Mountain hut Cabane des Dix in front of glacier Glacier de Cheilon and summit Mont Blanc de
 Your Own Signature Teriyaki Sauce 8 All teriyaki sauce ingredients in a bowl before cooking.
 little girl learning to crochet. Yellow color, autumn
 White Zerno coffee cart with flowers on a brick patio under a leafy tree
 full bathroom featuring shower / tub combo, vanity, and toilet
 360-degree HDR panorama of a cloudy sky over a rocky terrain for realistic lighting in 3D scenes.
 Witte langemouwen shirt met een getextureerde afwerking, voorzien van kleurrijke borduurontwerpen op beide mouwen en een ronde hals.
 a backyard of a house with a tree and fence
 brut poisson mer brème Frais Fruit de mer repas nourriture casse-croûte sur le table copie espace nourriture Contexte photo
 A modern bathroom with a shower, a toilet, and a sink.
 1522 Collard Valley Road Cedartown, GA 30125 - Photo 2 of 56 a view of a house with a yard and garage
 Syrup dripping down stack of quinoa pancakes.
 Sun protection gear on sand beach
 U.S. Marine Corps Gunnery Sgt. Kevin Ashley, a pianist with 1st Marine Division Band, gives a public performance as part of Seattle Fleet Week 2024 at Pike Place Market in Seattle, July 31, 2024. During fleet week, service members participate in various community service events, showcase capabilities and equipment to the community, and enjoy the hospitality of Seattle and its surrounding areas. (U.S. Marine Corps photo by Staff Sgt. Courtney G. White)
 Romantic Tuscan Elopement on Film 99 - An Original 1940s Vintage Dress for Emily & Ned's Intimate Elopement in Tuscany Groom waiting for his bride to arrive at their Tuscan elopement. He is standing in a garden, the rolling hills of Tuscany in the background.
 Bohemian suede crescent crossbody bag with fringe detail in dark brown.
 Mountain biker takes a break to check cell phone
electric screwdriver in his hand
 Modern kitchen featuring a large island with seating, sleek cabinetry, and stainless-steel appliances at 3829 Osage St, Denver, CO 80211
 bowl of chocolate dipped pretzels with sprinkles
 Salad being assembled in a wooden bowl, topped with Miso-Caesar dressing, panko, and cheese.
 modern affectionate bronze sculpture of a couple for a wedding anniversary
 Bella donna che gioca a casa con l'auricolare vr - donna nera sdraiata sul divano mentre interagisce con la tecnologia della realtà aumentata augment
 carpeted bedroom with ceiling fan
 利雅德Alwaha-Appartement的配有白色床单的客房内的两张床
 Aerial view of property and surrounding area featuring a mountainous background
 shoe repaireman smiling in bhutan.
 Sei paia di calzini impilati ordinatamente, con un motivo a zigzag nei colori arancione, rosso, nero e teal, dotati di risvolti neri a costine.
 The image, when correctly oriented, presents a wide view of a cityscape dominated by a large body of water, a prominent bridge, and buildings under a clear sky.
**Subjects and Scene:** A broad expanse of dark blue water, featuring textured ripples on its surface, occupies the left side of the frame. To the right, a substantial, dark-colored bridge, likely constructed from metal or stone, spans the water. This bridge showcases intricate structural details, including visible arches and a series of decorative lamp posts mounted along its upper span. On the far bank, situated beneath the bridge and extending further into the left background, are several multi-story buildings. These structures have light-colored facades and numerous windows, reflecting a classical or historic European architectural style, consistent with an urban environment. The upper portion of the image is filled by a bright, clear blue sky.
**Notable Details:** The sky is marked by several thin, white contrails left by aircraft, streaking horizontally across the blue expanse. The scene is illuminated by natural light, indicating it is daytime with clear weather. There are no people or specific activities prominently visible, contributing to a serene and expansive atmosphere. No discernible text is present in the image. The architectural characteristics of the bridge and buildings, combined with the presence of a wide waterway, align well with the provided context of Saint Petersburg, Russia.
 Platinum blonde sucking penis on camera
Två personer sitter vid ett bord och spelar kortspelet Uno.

☆ ☆ ☆ ☆ ☆

WHAT NEEDS TO BE DONE ::
Whenever a line above has the word "tree" in it, copy that line.

EXPECTED ANSWER ::
 White Zerno coffee cart with flowers on a brick patio under a leafy tree
 a backyard of a house with a tree and fence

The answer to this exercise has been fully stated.